Goal: Instrumentation you can trust. Triton exposes Prometheus metrics (port 8002). We’ll install a monitoring stack and scrape those metrics.

Install the kube-prometheus-stack chart:

helm repo add prometheus-community https://prometheus-community.github.io/helm-charts
helm repo update
helm install monitoring prometheus-community/kube-prometheus-stack -n monitoring --create-namespace
kubectl -n monitoring get pods

Tell Prometheus to scrape Triton via a ServiceMonitor:

cat <<'EOF' | kubectl apply -f -
apiVersion: monitoring.coreos.com/v1
kind: ServiceMonitor
metadata:
  name: triton-sm
  namespace: monitoring
spec:
  namespaceSelector:
    matchNames: ["ai"]
  selector:
    matchLabels:
      app: triton
  endpoints:
    - port: metrics
      path: /metrics
      interval: 15s
EOF

Access Grafana:

  • Get the admin password:
kubectl -n monitoring get secret monitoring-grafana -o jsonpath='{.data.admin-password}' | base64 -d; echo
  • Port-forward Grafana to your workstation (or expose with a LoadBalancer if you prefer):
kubectl -n monitoring port-forward svc/monitoring-grafana 3000:80
# Then browse http://localhost:3000 (user: admin, password: shown above)

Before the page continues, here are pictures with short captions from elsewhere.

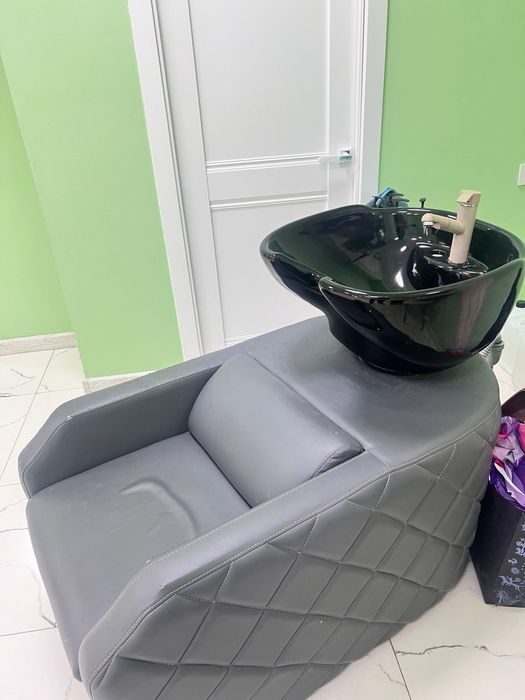 Парикмахерская мойка головы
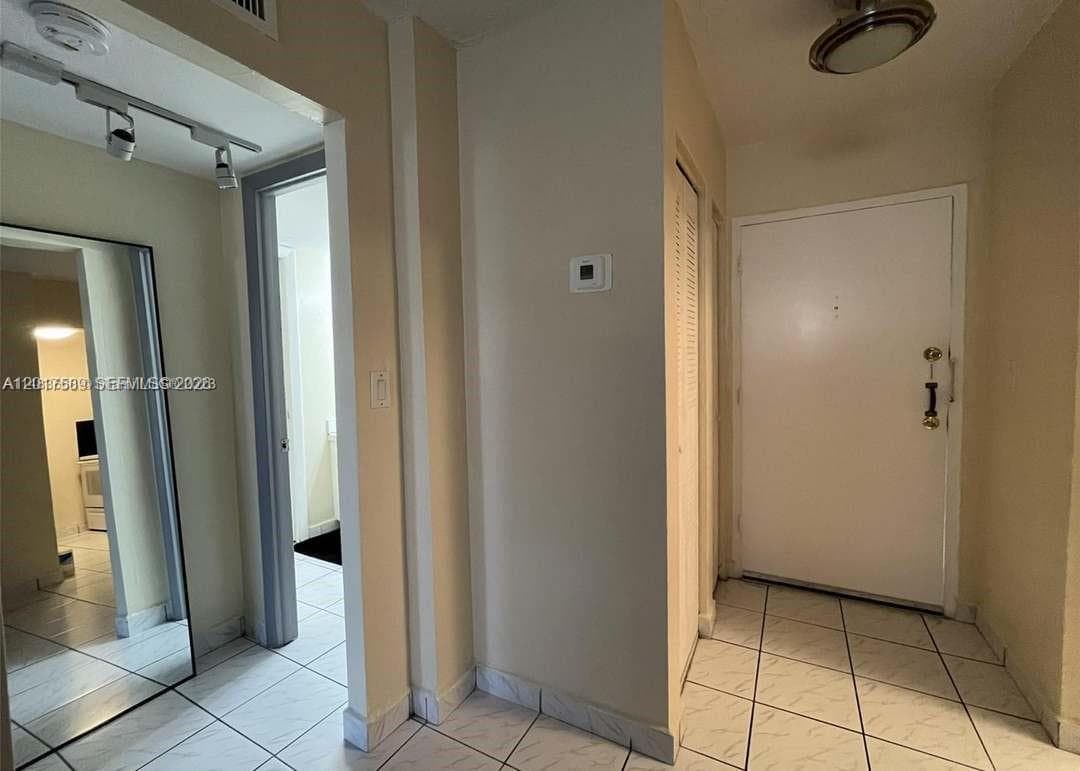 EL LAGO CONDO · #E412 in Miami - Photo 11
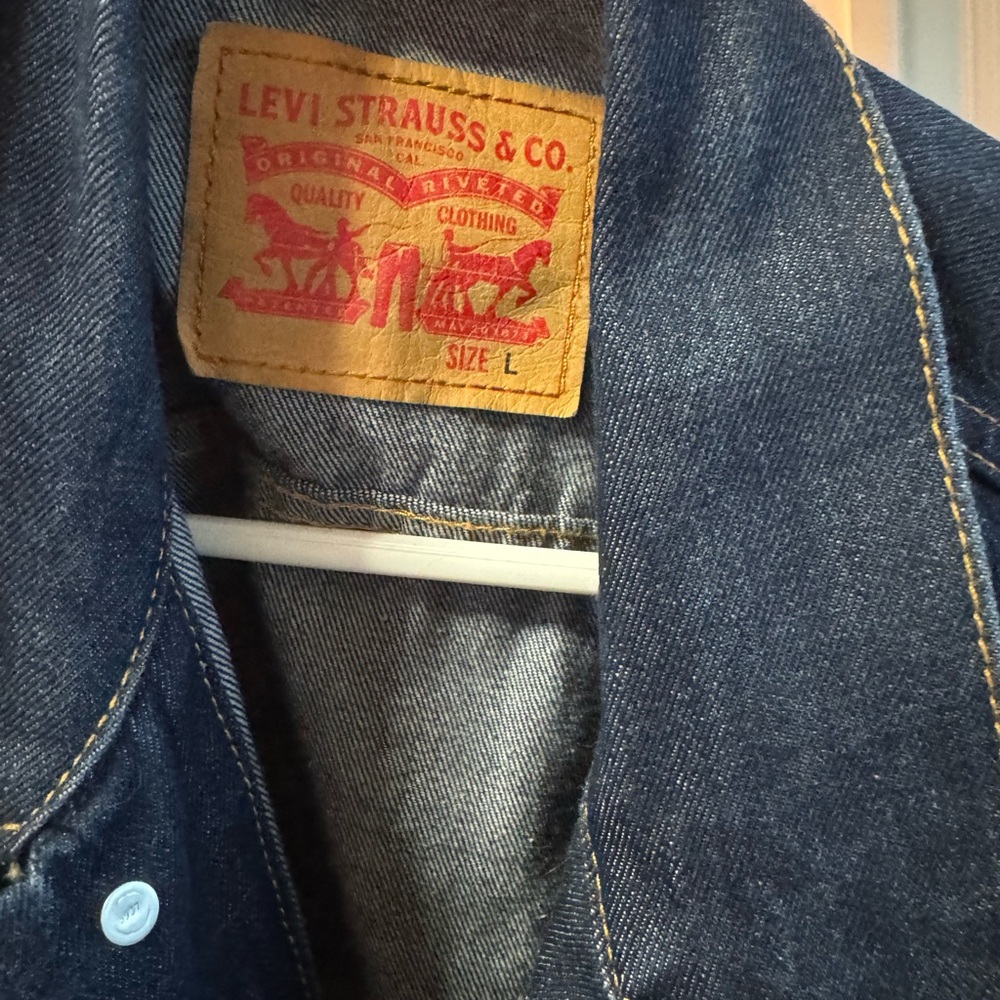 Levi's Men's Dark Blue Denim Jacket - Picture 3 of 3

Now watch request rates, latencies, and resource usage while you hit Triton or the LLM server.


Optional: Notes on GPUs and multi-node

  • GPUs: If you have NVIDIA hardware, install the NVIDIA driver and NVIDIA Container Toolkit on the host, then the Kubernetes NVIDIA device plugin in the cluster. K3s works well with it. Exact package names differ by distro/version—follow your GPU vendor’s docs. Afterward, add tolerations/limits like nvidia.com/gpu: 1 to your Pods.

  • Multi-node: Join more agents to your K3s server with a single token and reuse the same manifests. Add nodeSelectors or affinities to steer LLMs to beefier nodes.


Troubleshooting quick hits

  • Services not getting IPs: ensure your MetalLB IP pool matches your LAN and doesn’t conflict with DHCP.

  • Timeouts pulling images: check DNS/firewall; try crictl info and crictl pull on the node.

  • LLM too slow: choose a smaller GGUF (q4_k_m or q5_k_m), reduce context size, or add GPU.


Conclusion and Call to Action

You don’t need a datacenter to build and ship AI. With K3s plus a few well-chosen containers, you can:

  • Serve computer vision models via Triton.

  • Host a local LLM API with llama.cpp.

  • Observe everything with Prometheus and Grafana.

Pick one project above, paste in the manifests, and watch it go. From there, wire up a simple CLI, a cron job, or a web UI—then iterate. When you’re ready, push the same YAML to a bigger box or a small cluster and scale out with confidence.

If you found this useful, try turning one of these into a reusable Helm chart for your lab—or share your results and tweaks with the community. Happy hacking!